Voici une interview de Roberto Di Cosmo donnée sur TF1 en octobre 1998.


Microsoft a la capacité technologique de devenir Big Brother

Roberto Di Cosmo interrogé par Pascal Emond.


Face au géant Microsoft, la contestation prend ses marques en France.
Elle a trouvé son porte-parole : Roberto Di Cosmo, 35 ans, maître de conférence au département de mathématiques et d'informatique de l'Ecole normale supérieure. Après Piège dans le cyberespace, sa diatribe sur Internet, l'universitaire récidive avec Le Hold-Up planétaire, ouvrage d'entretien avec Dominique Nora, journaliste au Nouvel observateur. Roberto Di Cosmo y détaille ses nombreux griefs contre le géant de Seattle. Entrave à la concurrence, failles technologiques, volonté de mainmise sur le Web : Le chercheur se montre sans pitié.

TF1 Interactif : En tant qu'universitaire et fieffé opposant à Microsoft, qu'attendez-vous de ce procès antitrust ?

Roberto Di Cosmo : Je ne vais pas, comme certains délirants jusqu'à prôner la nationalisation pure et simple du géant de Seattle. Plus raisonnablement, la solution la plus simple consisterait en un morcellement des différentes activités, à séparer les départements bureautique, Internet et système d'exploitation. L'intérêt du consommateur est évident : si on casse Microsoft en morceaux, cela améliorera la fiabilité puisque les programmeurs seront forcés de mettre en place des interfaces claires entre les différents logiciels, donc de mieux écrire leurs programmes.

TF1 I. : N'est-il pas trop tard pour un tel procès ?

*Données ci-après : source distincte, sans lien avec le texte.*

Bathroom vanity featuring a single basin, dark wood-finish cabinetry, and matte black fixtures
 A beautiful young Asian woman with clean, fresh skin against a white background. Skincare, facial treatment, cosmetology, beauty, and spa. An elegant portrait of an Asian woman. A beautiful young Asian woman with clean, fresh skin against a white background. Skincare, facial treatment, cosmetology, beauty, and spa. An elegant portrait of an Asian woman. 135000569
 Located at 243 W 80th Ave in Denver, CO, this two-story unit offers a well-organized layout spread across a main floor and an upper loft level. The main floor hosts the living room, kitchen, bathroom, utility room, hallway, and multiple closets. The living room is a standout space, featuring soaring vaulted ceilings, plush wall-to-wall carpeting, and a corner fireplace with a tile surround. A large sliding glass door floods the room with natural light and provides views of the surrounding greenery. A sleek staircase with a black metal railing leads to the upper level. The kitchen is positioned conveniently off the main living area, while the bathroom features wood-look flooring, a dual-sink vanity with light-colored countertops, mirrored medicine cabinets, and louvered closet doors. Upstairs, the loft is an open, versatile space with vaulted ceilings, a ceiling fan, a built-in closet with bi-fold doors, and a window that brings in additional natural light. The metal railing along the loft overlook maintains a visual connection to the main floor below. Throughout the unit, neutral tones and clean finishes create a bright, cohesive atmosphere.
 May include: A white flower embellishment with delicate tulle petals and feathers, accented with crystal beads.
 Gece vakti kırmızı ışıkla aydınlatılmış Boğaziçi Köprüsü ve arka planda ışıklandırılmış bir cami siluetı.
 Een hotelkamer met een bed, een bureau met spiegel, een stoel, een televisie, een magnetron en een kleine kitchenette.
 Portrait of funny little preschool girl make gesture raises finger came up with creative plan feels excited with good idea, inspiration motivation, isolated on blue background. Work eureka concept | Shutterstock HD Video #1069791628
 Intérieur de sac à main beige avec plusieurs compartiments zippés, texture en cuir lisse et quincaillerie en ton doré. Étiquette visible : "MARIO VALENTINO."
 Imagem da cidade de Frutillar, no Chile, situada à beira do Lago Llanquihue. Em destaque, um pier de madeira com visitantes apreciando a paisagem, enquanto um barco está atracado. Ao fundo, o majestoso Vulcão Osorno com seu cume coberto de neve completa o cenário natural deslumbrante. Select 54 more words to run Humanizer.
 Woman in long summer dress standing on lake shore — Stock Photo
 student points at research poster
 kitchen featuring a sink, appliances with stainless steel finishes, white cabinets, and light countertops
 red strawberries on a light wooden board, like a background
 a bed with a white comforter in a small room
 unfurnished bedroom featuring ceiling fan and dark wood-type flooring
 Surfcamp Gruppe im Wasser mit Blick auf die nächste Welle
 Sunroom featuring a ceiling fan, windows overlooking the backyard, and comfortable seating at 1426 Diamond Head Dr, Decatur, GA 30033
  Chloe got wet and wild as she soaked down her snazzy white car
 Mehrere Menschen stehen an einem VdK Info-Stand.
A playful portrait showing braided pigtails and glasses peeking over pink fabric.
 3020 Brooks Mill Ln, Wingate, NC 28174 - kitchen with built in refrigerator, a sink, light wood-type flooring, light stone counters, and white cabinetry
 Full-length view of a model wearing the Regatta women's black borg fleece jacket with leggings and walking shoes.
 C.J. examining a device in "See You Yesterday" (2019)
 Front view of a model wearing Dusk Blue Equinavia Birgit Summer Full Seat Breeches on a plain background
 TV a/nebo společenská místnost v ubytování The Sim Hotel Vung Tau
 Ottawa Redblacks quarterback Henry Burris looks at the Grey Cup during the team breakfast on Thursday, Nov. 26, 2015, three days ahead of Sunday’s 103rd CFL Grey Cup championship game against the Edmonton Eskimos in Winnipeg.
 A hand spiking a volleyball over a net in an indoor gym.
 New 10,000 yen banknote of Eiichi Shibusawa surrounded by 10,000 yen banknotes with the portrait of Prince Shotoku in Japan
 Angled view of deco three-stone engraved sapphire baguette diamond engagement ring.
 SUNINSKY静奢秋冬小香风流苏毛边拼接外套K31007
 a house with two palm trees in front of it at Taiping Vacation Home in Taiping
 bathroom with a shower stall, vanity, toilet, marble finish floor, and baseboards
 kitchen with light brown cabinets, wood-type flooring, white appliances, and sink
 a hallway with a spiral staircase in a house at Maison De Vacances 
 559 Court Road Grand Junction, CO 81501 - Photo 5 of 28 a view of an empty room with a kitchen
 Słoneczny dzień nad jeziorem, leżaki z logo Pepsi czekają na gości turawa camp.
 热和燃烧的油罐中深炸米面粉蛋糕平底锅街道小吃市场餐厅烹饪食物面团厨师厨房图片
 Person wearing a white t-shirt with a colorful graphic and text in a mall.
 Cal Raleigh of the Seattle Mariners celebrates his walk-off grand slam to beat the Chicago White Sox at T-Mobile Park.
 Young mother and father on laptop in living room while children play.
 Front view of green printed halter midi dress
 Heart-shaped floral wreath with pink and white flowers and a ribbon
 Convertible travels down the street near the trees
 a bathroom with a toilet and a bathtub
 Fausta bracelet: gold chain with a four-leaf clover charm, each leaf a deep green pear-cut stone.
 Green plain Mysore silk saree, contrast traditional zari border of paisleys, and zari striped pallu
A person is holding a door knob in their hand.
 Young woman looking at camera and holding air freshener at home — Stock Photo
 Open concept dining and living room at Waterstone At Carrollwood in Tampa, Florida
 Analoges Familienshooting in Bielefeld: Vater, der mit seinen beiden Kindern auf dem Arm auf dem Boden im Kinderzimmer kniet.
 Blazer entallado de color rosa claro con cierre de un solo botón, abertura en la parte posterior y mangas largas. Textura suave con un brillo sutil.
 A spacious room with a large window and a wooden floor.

R. D. C. : Non mais je crains surtout que la montagne accouche d'une souris comme ce fut le cas avec le "consent decree" en 1995. Cela dit, le département d'Etat est conscient de s'être fait posséder il y a trois ans et paraît plus déterminé. En l'état actuel des choses, on peut comparer le marché du software à la situation de deux entreprises construisant deux bâtiments identiques. Seulement l'entrepreneur A possède le cabinet d'architecte concepteur des plans. S'il change le plan en cours de construction sans en souffler mot, il aura un avantage sur l'entrepreneur B. Un manque manifeste de transparence de l'information et donc une entrave à la concurrence.

TF1 I. : Pourquoi Microsoft cherche tant à repousser le début du procès ?

R. D. C. : Tout simplement parce que six mois dans l'informatique, c'est une éternité. En attendant le procès, Microsoft continue à vendre des explorer pré-installés. Et ce qui est vendu n'est plus à vendre !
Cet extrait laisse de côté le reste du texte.